Looking for breakfast ideas or just a bit of inspiration on how to give the most important meal of the day its dues? Well, think of this as a definitive feast for anyone searching for a new favourite way to start the day. We’ll be serving up some options on everything from quick and easy wins and kids’ options to vegan-friendly breakfasts and on-the-go eats. Read on to find out more.

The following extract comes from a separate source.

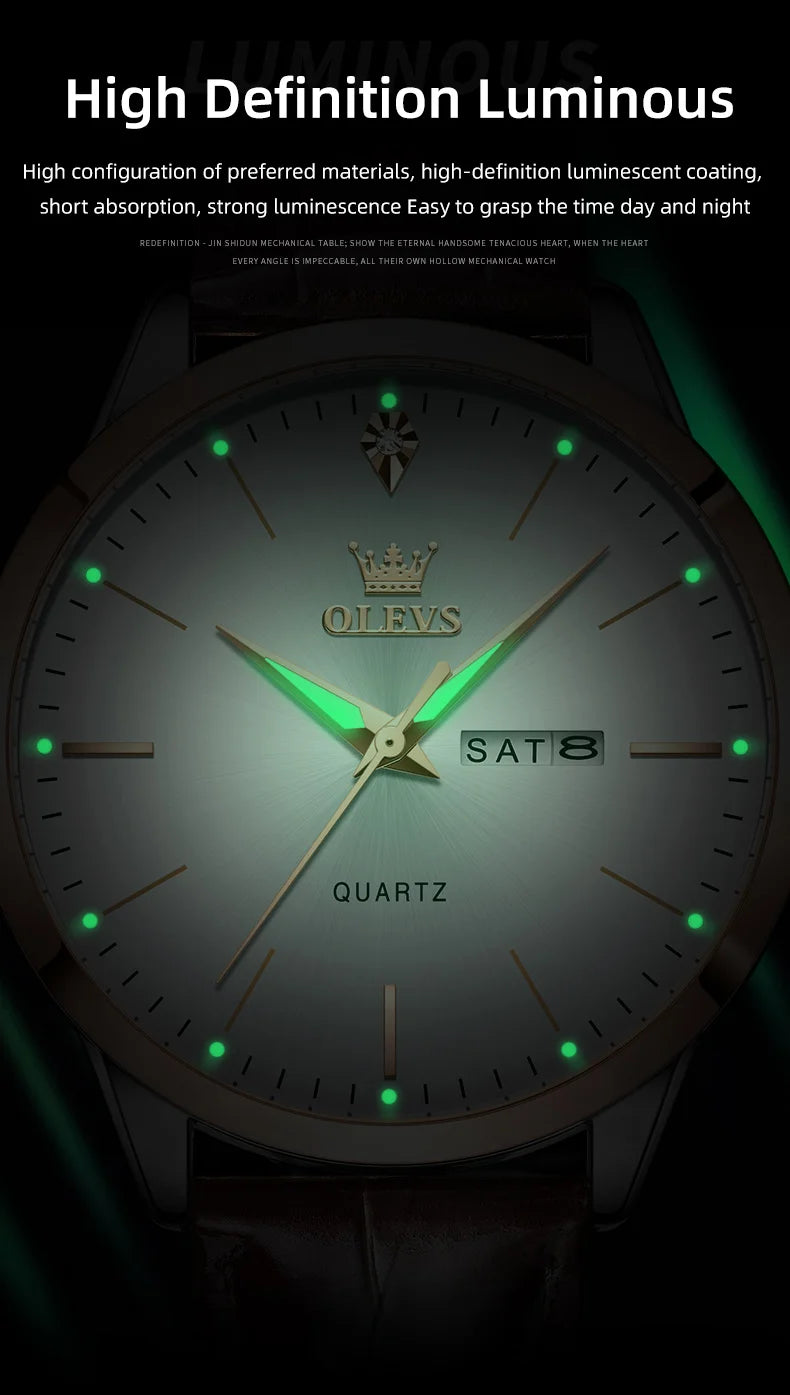 OLEVS 2935 Luxury Men's Watch - Roman Numeral, Auto Date, Shock Resistant, 3ATM, Leather Strap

Why is Breakfast so important?

The clue is in the name – after a long night’s sleep you’re quite literally breaking a fast. If you think about it, eight hours would be rather a long time to go without fuel when awake. So while it’s important to get your beauty sleep, it’s just as vital to top up on those energy levels and get everything in balance ahead of your no-doubt busy day. Otherwise, you may be more likely to overeat come lunchtime and perhaps even more likely to opt for unhealthier options that give you that ‘quick fix’ of energy. On top of that many people say that having a good breakfast allows them to stay sharper and more focussed on whatever tasks their mornings might bring.

The key to great breakfasts?

Perfecting the art of a deliciously energising breakfast is easy when you know how. We’ve got four simple tips that might just help you wake up with a smile at the anticipation of what’s going to be in your bowl or on your plate that morning...

  1. Be prepared. Not everyone bounces out of bed and into the kitchen with a crystal clear plan for what that all-important first meal of the day is going to look like. Quite the opposite sometimes. A bleary-eyed fumbling in the cupboard for what feels like it might be the right box is more often the case. That’s why it pays to be prepared. By ‘prepared’ we mean quick habits; like taking two minutes to just set out what you need on the kitchen worktop, or making sure you’re stocked up on little extras like healthy toppings (for your porridge or overnight oats perhaps) and they’re within easy access. Trust us, finding ways to save on that extra bit of effort in the morning will really make a difference to how enjoyable your breakfast is the next day.
  2. Make sure you have some options to experiment with. If you’re in the habit of planning out your breakfast the night before, things like toppings (fresh fruit diced up and put away in a tupperware, nuts, seeds, honey, grated apple for example) or alternative ingredients (non-dairy milks, wholegrain oats and breads to name a few ideas) for whatever dish you might have in mind will really help. And who knows? You might just stumble on the next big breakfast sensation. Keeping your options open like this is a fantastic way to engage even the most fickle of kids too.
  3. Keep it healthy. The temptation to opt for a tasty, yet sugary and/or fatty option for breakfast can be strong. While a treat is great once in a while (more on that later) you can seriously affect your concentration, energy and all round health in a positive way by opting for something with good nutritional value. It’s a bit of a no-brainer but one that bears repeating: starting out your day in a healthy way really pays off in the long run.
  4. Mix it up Having the same thing day in, day out (even if it’s a favourite) gets boring after a while. The great thing about having a good repertoire of breakfast ideas is that you’ll never have a reason to be uninspired in that arena again… as long as you follow tip 1 and are well stocked up of course.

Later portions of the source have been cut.